OPTIMADE
OPTIMADE copied to clipboard
Support for SMARTS filter language (`filter_smarts`)
In #368 support for SMARTS filter language was suggested. This PR:
- Describes how external filter languages should be supported in OPTIMADE;
- Introduces the first one of them, SMARTS.
In short, SMARTS queries are to be passed using filter_smarts
URL parameter. If appearing together with filter
in the same request, different filters are combined with logical AND.
SMARTS isn't really my field, so even if this PR is simple and I see no formal issues with it, I think it should be reviewed and approved by people who want this feature in the standard and can see themselves implement it down the line.
(I could add that I am a bit concerned over the lack of standardization of the SMARTS language discussed in #368 where it seems one may find different results depending on what SMARTS library the backend is using, so are these SMARTS queries really interoperable? But this isn't an issue I feel strongly about if there are people that want this feature.)
(I could add that I am a bit concerned over the lack of standardization of the SMARTS language discussed in #368 where it seems one may find different results depending on what SMARTS library the backend is using, so are these SMARTS queries really interoperable? But this isn't an issue I feel strongly about if there are people that want this feature.)
I am concerned as well about the same, but SMARTS seems to be the state of the art for at least a decade now. I suggested SMARTS both as a constructive solution for chemical structure search (need expressed in #368), as well as an argument to my thesis that there is no simple way to do it. We may as well scrap the SMARTS proposal by leaving each implementation to sort out how they would like to do chemical substructure search, but my gut feeling is that most of them would still rely on SMARTS under-the-hood.
We may as well scrap the SMARTS proposal by leaving each implementation to sort out how they would like to do chemical substructure search, but my gut feeling is that most of them would still rely on SMARTS under-the-hood.
Right; if these fields are not interoperable - i.e., database A's filter_smarts
does not really mean the same thing as database B's - is there really a benefit in using a standardized field rather than _a_filter_smarts
and _b_filter_smarts
?
Right; if these fields are not interoperable - i.e., database A's
filter_smarts
does not really mean the same thing as database B's - is there really a benefit in using a standardized field rather than_a_filter_smarts
and_b_filter_smarts
?
I am fine with not having OPTIMADE standardization for chemical (sub)structure search. I believe it was @JPBergsma who wanted such queries standardized.
@JPBergsma @d-beltran
I think you are the only ones active in the OPTIMADE repo that I suspect may have some experience with SMARTS? This is a short PR, perhaps you can look it over and just confirm if what is written makes sense to you?
@merkys
If we cannot find two people who are invested in getting this merged, it seems highly unlikely that this will be implemented any time soon.

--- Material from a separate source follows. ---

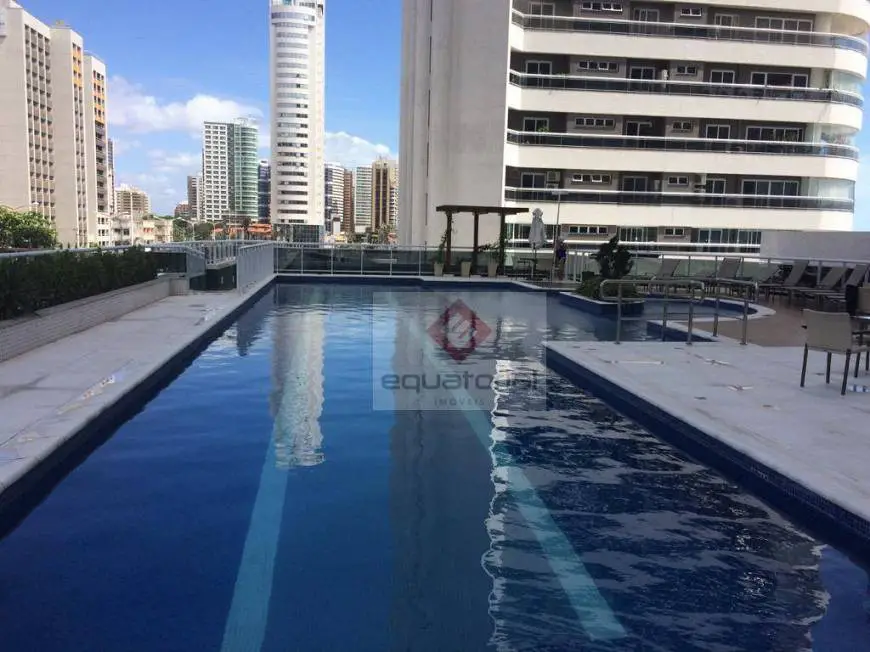 Foto 1 de Apartamento com 2 Quartos à venda, 72m² em Meireles, Fortaleza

If so, I think we should close this PR for now to de-clutter the active PR list, and re-open it if someone shows up and asks for this feature (probably via #368).

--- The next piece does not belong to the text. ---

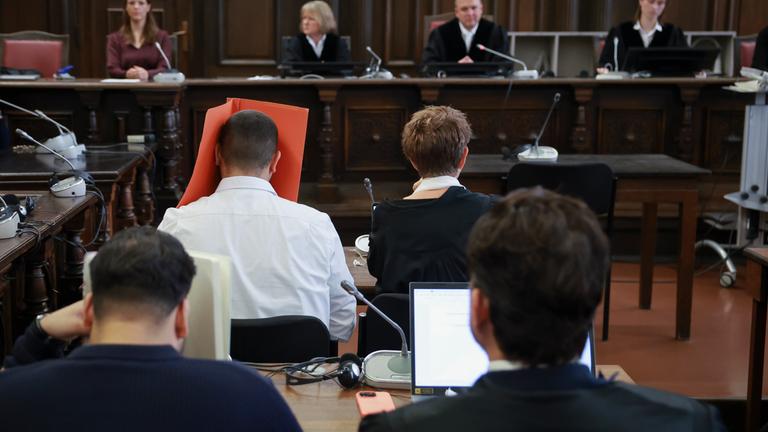 Urteil: Raser töten Zweijährigen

If we cannot find two people who are invested in getting this merged, it seems highly unlikely that this will be implemented any time soon. If so, I think we should close this PR for now to de-clutter the active PR list, and re-open it if someone shows up and asks for this feature (probably via #368).
Tagging @vaitkus who may as well be interested. We come from the same database, thus it would be best to hear from others as well.
I am not particularly happy about closing prospective PRs though. Closed PRs come very close to being invisible - I guess no one visiting a repository looks at closed PRs. And open PRs give an impression of directions where a project is moving towards. Moreover, they invite for discussion. Thus I would vote for keeping all prospective PRs open. Maybe marking them with some tag (a la PR/requires-discussion
) is enough.
Sorry, I have no experience with SMARTS
I think I originally started the whole SMILES/SMARTS discussion after talking with someone from the Ocelot database. They have a database with crystal structures of organic molecules. For them being able top query the topology of the molecule, e.g., the SMILES string, is essential to be able to select the entries. I think we ended up with the idea of supporting SMARTS because we did not want to treat the SMILES field any different from a standard string. Because multiple valid SMILES strings can be generated for one molecule, a direct string comparison is not possible. So as a compromise, we decided to implement SMARTS, so databases would have a method to implement querying the SMILES string/molecular structure.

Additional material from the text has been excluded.